If you’re earning restricted stock units (RSUs), you take ownership of your shares as they vest, without the need to purchase them. If you’re earning restricted stock awards (RSAs), you own the stock from the date of the grant or purchase. With RSAs, vesting (whether based on time or other milestone conditions) affects whether the company can buy the shares back from you. Unvested shares that your company repurchases aren’t subject to taxes.
Stock award vesting can either be single-triggered or double-triggered. Single-trigger awards require that you meet just one condition for vesting; typically, it’s an amount of time that must elapse from the date of the award.

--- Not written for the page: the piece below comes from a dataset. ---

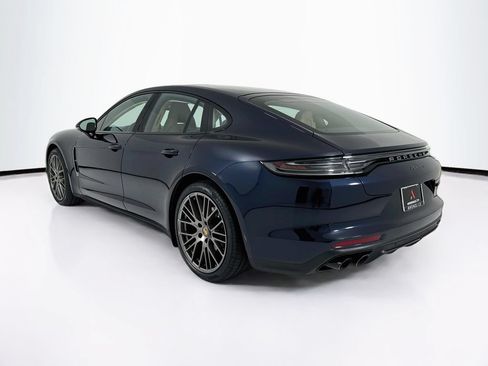 Used 2023 Porsche Panamera image 3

Double-trigger vesting requires that a second condition be met; usually, this is a liquidity event—such as a company IPO, acquisition, or secondary offering—that enables you to sell vested shares.
Income tax on RSAs and RSUs is due in the years your shares vest, unless you’ve filed a valid 83(b) election, which lets you pay income tax on your shares in the year you’re granted the award. Be aware that this approach may require a substantial tax payment before your stock has vested, and have other complications you should discuss with your tax advisor.
Unlike RSUs, stock options, including incentive stock options (ISOs) and non-qualifying stock options (NSOs), must be exercised for you to acquire the stock. Exercising an option means buying the shares at a defined price (the “strike price”), which is set by the company in your award letter. This purchase must be completed before the option grant expiration date, or if you’ve left the company, before the end of the post-termination exercise window, discussed below. While the options to purchase may vest over time, you only acquire the stock when you exercise your options.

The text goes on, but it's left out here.